La crise de confiance est profonde et politique
La montée des votes de rejet dans les campagnes, les accusations d’« écologie punitive », les fakenews qui prospèrent sur les réseaux doivent nous alerter. Ce n’est pas la transition elle-même qui est rejetée, c’est l’impression d’une transition imposée, opaque, technocratique.
Il faut une méthode :
- Des objectifs clairs, assumés et stables dans le temps,
- Une concertation sincère avec les acteurs de terrain, en agriculture comme ailleurs,
- Une pédagogie constante pour rappeler le sens de l’action publique et les raisons du changement,
- Un accompagnement massif, économique, humain, technique, à la hauteur des transformations exigées.
C’est cette méthode, démocratique et crédible, qui permettra d’opposer un récit positif et mobilisateur aux discours de dénigrement ou de repli.
Ne rien céder, mais tout expliquer
Ce qui se joue avec la loi Duplomb dépasse l’agriculture.
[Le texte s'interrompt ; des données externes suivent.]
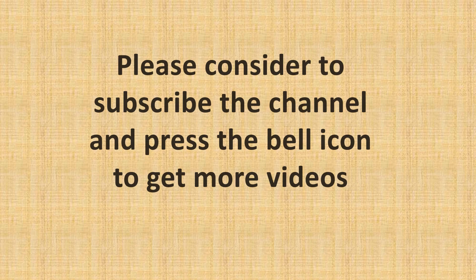Please consider subscribing to the channel and pressing the bell icon to get more videos.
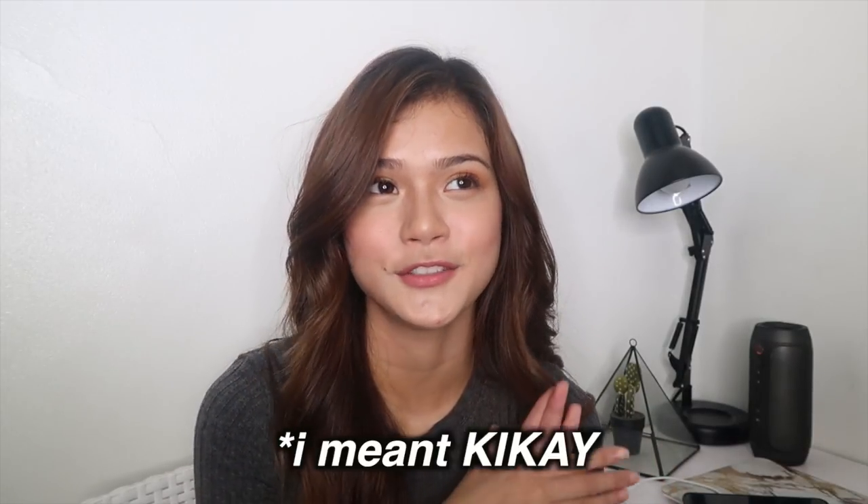Hey guys! So finally, I'm back with another back to school video. And today, I'm gonna be showing you three different hairstyles na bagay sa school. And it's very easy. Pero siyempre, kakailanganin mo talaga ng time kasi papadrive mo pa yung hair mo, i-curl pa yung hair mo, and if you're maarte or just extra like that, this video is for you.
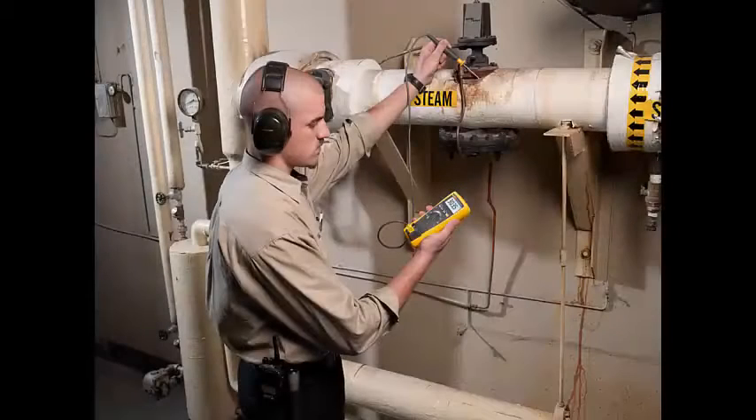With its precision, reliability, and ease of use, the Fluke 179 True RMS Digital Multimeter is the preferred solution for professional technicians around the world.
Depuis plusieurs mois, les signaux de recul se multiplient : sur le financement du bio, sur la rénovation thermique, sur les transports durables, sur les ambitions de la planification écologique.
Pendant ce temps, le climat continue de se dérégler, la biodiversité s’effondre et les coûts de l’inaction explosent.
Nous n’avons pas le luxe de ralentir. Nous avons besoin d’une transition assumée, portée collectivement et ancrée dans le réel.
Cela suppose de ne pas céder aux lobbys, mais de les écouter pour mieux répondre. Cela suppose de combattre la désinformation, mais aussi de comprendre les inquiétudes qu’elle exploite. Cela suppose enfin de ne jamais perdre de vue la finalité : protéger le vivant, garantir notre souveraineté, préserver notre démocratie.
Démocrates pour la Planète appelle à maintenir le cap de la transition. Non pas en le rigidifiant, mais en le rendant désirable, juste, partagé.
Parce que les Français sont prêts à faire leur part ; à condition de savoir pourquoi.
Parce que l’écologie est une promesse d’avenir ; à condition qu’elle reste un projet de société.
Parce qu’il n’y a pas d’alternative crédible à une transition écologique construite avec les citoyens.